▼

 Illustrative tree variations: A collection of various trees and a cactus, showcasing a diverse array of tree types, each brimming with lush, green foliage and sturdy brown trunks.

▲
▼

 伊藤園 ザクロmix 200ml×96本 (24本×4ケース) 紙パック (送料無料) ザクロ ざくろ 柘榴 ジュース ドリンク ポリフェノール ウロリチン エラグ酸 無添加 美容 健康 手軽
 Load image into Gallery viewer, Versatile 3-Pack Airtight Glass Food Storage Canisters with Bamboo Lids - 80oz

▲
▼

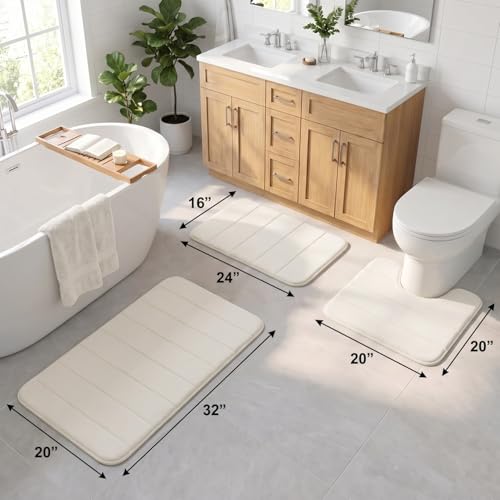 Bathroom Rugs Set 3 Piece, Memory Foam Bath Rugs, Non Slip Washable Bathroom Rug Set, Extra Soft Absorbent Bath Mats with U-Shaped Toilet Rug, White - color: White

▲

=== HOW TO COMPLETE THIS TASK ===
All that belongs in your answer is the stretch of entries above from the line with "伊藤園 ザクロmix 200ml×96本" through the line with "Load image into", printed exactly.

=== YOUR SOLUTION ===
 伊藤園 ザクロmix 200ml×96本 (24本×4ケース) 紙パック (送料無料) ザクロ ざくろ 柘榴 ジュース ドリンク ポリフェノール ウロリチン エラグ酸 無添加 美容 健康 手軽
 Load image into Gallery viewer, Versatile 3-Pack Airtight Glass Food Storage Canisters with Bamboo Lids - 80oz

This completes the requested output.